Private funding boosted theatre by £31m last year, report reveals
Private investment in UK theatre has rocketed by 40% in the last year, according to a report by charity Arts & Business.
In 2003/04, private funding accounted for around £22 million of investment in the sector and in 2004/05, this figure has risen steeply to nearly £31 million, underlining the industry's dependence on support from businesses, individuals, trusts and foundations.
Chief executive of A&B Colin Tweedy commented: "These are very significant figures. There is more money going to the arts from the private sector than ever before. No one should ever dare write private sector income out of the arts funding script. The work of Arts & Business makes the UK the only country in the world to produce these figures on an annual basis.
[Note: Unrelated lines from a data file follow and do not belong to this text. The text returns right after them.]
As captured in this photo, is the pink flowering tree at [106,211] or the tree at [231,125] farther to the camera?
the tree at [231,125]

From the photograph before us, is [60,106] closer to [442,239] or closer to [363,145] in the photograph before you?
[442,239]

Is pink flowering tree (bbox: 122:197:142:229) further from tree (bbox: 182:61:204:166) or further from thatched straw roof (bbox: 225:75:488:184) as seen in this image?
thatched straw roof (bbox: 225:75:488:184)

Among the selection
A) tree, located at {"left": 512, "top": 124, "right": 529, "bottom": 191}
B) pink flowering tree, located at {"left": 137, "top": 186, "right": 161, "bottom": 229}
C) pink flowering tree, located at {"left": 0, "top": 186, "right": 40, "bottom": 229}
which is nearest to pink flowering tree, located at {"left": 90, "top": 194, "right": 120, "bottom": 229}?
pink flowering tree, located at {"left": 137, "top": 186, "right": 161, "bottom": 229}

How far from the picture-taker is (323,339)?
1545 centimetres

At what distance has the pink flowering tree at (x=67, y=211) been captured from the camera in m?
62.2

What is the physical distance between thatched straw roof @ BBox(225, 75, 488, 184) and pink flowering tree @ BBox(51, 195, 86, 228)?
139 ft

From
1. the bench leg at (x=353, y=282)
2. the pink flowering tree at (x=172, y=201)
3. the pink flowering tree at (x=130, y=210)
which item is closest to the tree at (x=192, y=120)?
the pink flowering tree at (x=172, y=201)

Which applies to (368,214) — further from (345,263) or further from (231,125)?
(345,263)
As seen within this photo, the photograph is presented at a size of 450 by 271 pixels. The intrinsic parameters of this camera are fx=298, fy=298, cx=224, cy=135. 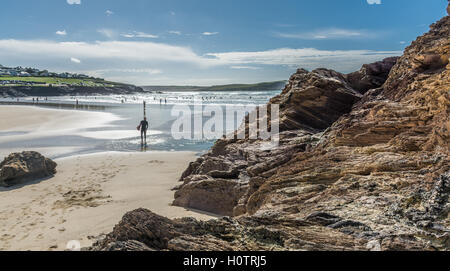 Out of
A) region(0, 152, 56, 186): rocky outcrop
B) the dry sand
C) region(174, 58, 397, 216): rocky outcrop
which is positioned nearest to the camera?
the dry sand

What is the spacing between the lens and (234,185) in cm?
821

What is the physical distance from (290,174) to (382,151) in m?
1.79

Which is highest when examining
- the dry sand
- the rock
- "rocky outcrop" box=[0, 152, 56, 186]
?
the rock

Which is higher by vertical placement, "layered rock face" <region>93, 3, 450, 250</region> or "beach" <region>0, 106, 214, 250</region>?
"layered rock face" <region>93, 3, 450, 250</region>

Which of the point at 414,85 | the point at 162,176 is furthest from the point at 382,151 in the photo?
the point at 162,176

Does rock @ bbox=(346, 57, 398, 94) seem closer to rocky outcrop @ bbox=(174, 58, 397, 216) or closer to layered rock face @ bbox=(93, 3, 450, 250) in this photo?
rocky outcrop @ bbox=(174, 58, 397, 216)

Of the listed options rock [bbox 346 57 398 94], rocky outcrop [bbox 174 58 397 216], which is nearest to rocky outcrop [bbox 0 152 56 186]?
rocky outcrop [bbox 174 58 397 216]

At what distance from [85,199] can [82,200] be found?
0.38 feet

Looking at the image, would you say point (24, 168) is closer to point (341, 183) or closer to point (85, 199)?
point (85, 199)

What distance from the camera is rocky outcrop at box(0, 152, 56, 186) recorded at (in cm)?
1148

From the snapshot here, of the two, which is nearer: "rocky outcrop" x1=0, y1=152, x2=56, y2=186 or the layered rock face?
the layered rock face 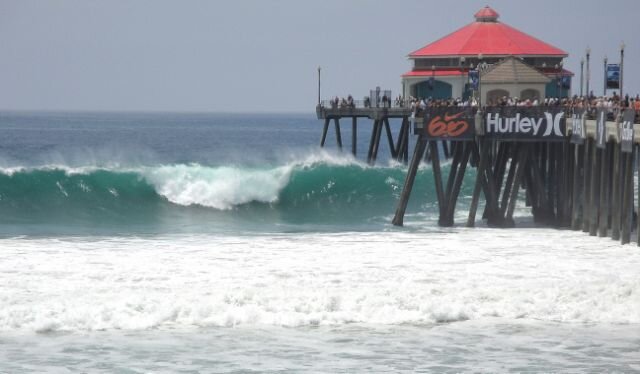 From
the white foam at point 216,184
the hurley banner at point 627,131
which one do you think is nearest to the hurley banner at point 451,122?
the hurley banner at point 627,131

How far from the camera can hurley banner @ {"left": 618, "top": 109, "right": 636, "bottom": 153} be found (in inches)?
1284

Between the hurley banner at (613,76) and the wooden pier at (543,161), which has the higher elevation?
the hurley banner at (613,76)

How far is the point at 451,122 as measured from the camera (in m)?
39.5

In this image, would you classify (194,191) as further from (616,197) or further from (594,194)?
(616,197)

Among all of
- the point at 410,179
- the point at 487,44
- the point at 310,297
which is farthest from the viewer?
the point at 487,44

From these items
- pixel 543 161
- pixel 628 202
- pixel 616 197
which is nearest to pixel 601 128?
pixel 616 197

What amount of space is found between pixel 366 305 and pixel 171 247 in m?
9.85

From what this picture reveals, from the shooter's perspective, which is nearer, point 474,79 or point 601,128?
point 601,128

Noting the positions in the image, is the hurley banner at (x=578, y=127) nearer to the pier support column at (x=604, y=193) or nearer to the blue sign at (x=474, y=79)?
the pier support column at (x=604, y=193)

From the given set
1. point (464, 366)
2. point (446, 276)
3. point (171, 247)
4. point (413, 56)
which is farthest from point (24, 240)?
point (413, 56)

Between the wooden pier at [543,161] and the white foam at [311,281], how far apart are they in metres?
1.59

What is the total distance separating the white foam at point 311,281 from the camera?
24781mm

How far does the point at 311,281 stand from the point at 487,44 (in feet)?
158

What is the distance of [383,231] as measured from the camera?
3891 centimetres
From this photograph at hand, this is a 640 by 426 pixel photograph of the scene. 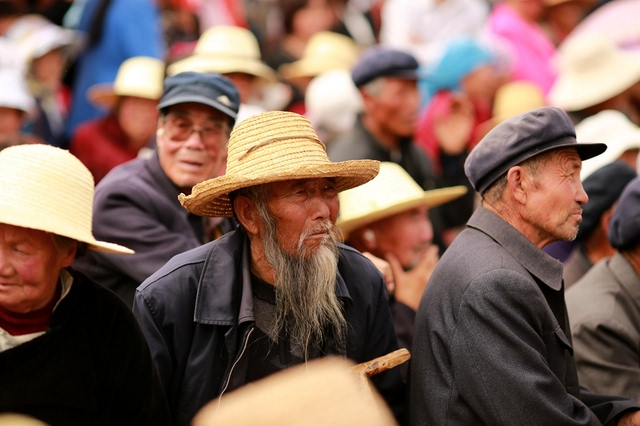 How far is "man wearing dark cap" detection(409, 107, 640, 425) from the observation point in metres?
3.76

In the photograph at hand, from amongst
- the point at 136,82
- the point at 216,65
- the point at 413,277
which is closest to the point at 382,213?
the point at 413,277

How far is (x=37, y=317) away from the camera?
364 cm

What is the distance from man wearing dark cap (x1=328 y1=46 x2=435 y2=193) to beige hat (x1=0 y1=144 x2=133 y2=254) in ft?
11.6

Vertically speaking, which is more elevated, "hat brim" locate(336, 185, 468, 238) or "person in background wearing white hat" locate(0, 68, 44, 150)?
"person in background wearing white hat" locate(0, 68, 44, 150)

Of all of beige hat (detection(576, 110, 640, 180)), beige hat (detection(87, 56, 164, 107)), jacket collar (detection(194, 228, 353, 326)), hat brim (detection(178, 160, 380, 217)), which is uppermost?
beige hat (detection(87, 56, 164, 107))

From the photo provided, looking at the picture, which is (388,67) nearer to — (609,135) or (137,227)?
(609,135)

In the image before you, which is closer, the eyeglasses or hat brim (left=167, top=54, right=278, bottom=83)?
the eyeglasses

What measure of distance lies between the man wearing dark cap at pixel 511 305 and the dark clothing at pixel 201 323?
1.35 feet

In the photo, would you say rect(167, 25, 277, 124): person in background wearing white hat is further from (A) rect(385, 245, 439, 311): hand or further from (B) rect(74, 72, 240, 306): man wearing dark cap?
(A) rect(385, 245, 439, 311): hand

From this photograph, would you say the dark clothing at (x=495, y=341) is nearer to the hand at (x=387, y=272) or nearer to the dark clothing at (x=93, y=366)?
the hand at (x=387, y=272)

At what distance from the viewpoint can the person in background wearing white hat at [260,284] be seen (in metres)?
3.89

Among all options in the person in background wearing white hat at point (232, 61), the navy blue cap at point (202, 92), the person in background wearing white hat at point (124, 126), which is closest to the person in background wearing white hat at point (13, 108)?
the person in background wearing white hat at point (124, 126)

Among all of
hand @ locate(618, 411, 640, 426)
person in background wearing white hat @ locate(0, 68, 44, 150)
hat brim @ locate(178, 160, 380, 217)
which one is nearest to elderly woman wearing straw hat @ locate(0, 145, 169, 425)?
hat brim @ locate(178, 160, 380, 217)

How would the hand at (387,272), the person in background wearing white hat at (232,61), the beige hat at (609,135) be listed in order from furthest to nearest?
1. the person in background wearing white hat at (232,61)
2. the beige hat at (609,135)
3. the hand at (387,272) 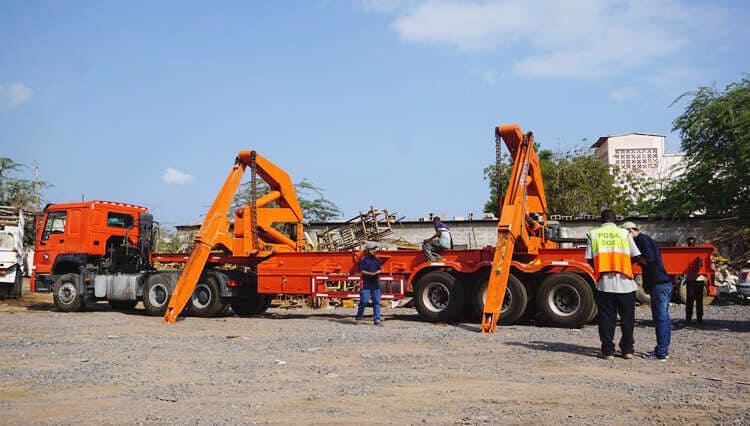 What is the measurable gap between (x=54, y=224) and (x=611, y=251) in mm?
14912

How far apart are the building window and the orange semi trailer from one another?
39.8 m

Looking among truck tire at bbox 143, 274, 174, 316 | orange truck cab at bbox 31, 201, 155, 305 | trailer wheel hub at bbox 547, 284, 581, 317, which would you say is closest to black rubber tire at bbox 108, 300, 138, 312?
orange truck cab at bbox 31, 201, 155, 305

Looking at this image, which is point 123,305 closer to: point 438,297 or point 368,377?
point 438,297

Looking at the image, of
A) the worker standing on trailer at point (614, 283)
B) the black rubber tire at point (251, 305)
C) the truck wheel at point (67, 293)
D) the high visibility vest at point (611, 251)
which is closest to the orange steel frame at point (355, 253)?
the black rubber tire at point (251, 305)

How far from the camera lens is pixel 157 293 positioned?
1638 cm

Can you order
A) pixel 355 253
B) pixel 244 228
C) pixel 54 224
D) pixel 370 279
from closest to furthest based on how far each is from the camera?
pixel 370 279 → pixel 355 253 → pixel 244 228 → pixel 54 224

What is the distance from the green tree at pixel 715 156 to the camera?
22.5 meters

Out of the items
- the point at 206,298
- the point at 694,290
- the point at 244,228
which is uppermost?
the point at 244,228

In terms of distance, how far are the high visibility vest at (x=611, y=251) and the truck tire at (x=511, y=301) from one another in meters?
4.17

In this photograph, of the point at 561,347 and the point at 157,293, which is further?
the point at 157,293

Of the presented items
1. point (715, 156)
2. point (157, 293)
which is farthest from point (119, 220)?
point (715, 156)

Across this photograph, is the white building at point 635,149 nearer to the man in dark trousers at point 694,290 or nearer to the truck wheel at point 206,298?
the man in dark trousers at point 694,290

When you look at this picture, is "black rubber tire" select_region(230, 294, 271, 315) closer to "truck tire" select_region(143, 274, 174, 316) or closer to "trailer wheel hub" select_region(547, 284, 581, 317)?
"truck tire" select_region(143, 274, 174, 316)

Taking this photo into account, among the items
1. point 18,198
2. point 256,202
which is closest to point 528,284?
point 256,202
We will continue to prove the case that the arts are a good cause for additional private sector investment, creating a richer society for us all.
"Arts & Business has been making the arguments to increase private sector support of the arts very well for almost 30 years and will continue to make them. We must never put all our eggs in the private sector funding basket - this income is a supplement not a substitute. A growth in our marketplace is our determined goal, we will do all we can to unlock the full market potential."
The results were published as part of a wider survey, revealing that private investment in the arts in Britain had risen by 3% to £452 million. The increase in theatre investment was the largest out of all the art forms surveyed.
The annual A&B survey is produced with financial support from Arts Council England. ACE chair Christopher Frayling said: "Over the past five years, Arts Council England has been developing a close strategic relationship with Arts & Business. This latest report shows - through its dramatic statistics - that business understands the true value of the arts and that we are making great strides towards creating a mixed economy for arts organisations. This is likely to be crucial to their continuing health in the 21st Century."